While numeric notation is concise, symbolic notation can be more intuitive, especially when you only want to change a single permission. Symbolic notation uses letters to represent the user, group, and others, and operators to add or remove permissions.

First, let's create a new script file with some content:

cd ~/project
echo '#!/bin/bash\necho "Hello, World"' > script.sh

This command does two things:

  1. It creates a new file named script.sh. The .sh extension is commonly used for shell scripts. shell scripts are executable files that contain a series of commands that are executed in sequence.
  2. It writes two lines into this file:
    • #!/bin/bash (called a shebang) tells the system this is a bash script. The shebang line specifies the interpreter that should be used to execute the script. In this case, it's /bin/bash, which is the path to the Bash interpreter.
    • echo "Hello, World" is a command that will print "Hello, World" when the script runs. The echo command simply displays the text that follows it.
    • \n is a newline character, ensuring the commands are on separate lines in the file.

Now, let's check its initial permissions:

ls -l script.sh

You should see something like:

-rw-rw-r-- 1 labex labex 32 Jul 29 16:30 script.sh

As you can see, initially, the script only has read and write permissions for the owner and group, and read permission for others. It doesn't have execute permission, which is required to run it as a program.

Let's try to run the script:

./script.sh

You should see a "Permission denied" error because the script doesn't have execute permissions yet. The ./ part tells the shell to execute the script located in the current directory.

Now, let's add execute permission for the owner using symbolic notation:

chmod u+x script.sh

In this command:

  • u refers to the user (owner). Other options are g for group, o for others, and a for all (user, group, and others).
  • +x adds execute permission. The + symbol adds a permission, while the - symbol removes a permission.

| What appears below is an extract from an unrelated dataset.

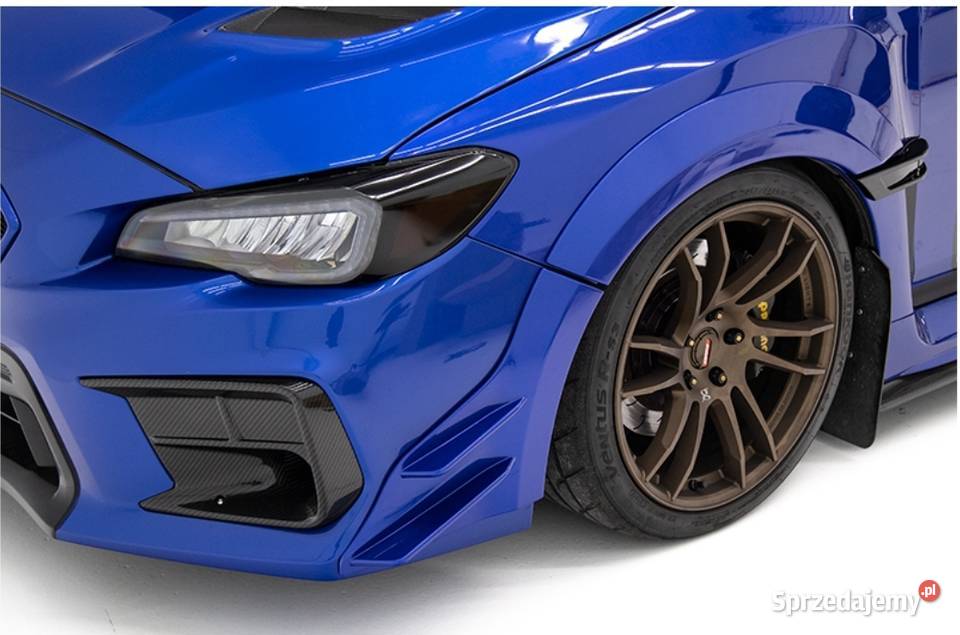 Poszerzenia błotników Subaru Impreza WRX WRX STi osobowe Nowy Wiśnicz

So, u+x means "add execute permission for the owner."

Let's verify the change:

ls -l script.sh

You should now see:

-rwxrw-r-- 1 labex labex 32 Jul 29 16:30 script.sh

The owner now has rwx (read, write, and execute) permissions.

Now, let's try running the script again:

./script.sh

This time, you should see the output: "Hello, World"

This example clearly demonstrates why we need to add execute permissions to scripts, and the difference before and after adding these permissions. Symbolic notation makes it easy to modify specific permissions without having to recalculate the entire numeric representation.

Summary

In this lab, we've explored essential Linux commands for managing file permissions:

  1. We used touch to create new files and update existing ones.
  2. We learned how to use chown to change file and directory ownership, including recursive changes for entire directory structures.
  3. We practiced using chmod with both numeric and symbolic notation to modify file and directory permissions, understanding the different permission levels for owner, group, and others.
  4. We saw practical examples of why permissions matter, such as needing execute permissions to run scripts.
  5. We clarified the differences between numeric and symbolic notation for chmod and when each might be more appropriate.

These commands are crucial for maintaining security and controlling access in Linux systems. Remember to always be cautious when changing permissions, especially when using sudo, as incorrect changes can have significant consequences for system security and functionality. Always double-check your commands before executing them, and understand the implications of the changes you're making.